Return only the lines of the listing below that run from the line with "Přívěsek Kočičí oko, šestiúhelníkový" through the line with "PageSpeed Insights Là", both ends included, exactly as written.
------------------------------------------------------------------------
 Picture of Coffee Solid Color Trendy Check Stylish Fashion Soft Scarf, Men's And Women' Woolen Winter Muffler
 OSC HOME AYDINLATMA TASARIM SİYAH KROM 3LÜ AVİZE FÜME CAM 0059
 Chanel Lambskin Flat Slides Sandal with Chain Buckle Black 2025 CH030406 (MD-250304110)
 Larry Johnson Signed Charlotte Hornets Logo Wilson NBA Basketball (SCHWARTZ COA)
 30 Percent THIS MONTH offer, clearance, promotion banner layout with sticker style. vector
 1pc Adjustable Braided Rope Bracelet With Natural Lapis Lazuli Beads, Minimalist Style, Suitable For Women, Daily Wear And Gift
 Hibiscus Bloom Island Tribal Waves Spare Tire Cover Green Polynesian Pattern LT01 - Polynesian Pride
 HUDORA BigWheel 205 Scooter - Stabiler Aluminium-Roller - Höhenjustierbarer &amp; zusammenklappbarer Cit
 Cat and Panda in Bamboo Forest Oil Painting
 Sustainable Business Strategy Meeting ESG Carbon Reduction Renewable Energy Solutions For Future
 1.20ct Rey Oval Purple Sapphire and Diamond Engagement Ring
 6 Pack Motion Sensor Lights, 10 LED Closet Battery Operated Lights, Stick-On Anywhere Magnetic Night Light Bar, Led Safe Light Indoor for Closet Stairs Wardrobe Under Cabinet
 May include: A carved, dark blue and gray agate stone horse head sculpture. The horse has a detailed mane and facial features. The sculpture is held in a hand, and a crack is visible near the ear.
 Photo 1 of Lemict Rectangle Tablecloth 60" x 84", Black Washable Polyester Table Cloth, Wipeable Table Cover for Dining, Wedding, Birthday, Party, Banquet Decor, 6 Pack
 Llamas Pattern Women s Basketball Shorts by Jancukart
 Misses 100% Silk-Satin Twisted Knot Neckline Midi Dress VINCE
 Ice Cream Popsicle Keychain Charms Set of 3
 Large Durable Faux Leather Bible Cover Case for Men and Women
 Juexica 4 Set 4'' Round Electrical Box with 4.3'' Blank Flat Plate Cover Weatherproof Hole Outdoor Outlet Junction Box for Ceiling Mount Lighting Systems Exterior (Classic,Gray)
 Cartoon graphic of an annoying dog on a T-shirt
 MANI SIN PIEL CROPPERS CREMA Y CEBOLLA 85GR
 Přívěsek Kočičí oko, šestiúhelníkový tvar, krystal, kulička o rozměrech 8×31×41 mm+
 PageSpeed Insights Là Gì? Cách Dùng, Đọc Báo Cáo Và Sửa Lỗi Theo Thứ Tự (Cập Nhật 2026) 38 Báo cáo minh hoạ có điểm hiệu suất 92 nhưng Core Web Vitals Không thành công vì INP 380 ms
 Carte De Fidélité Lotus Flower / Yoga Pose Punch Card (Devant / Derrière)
------------------------------------------------------------------------
• **TASK SOLUTION**
 Přívěsek Kočičí oko, šestiúhelníkový tvar, krystal, kulička o rozměrech 8×31×41 mm+
 PageSpeed Insights Là Gì? Cách Dùng, Đọc Báo Cáo Và Sửa Lỗi Theo Thứ Tự (Cập Nhật 2026) 38 Báo cáo minh hoạ có điểm hiệu suất 92 nhưng Core Web Vitals Không thành công vì INP 380 ms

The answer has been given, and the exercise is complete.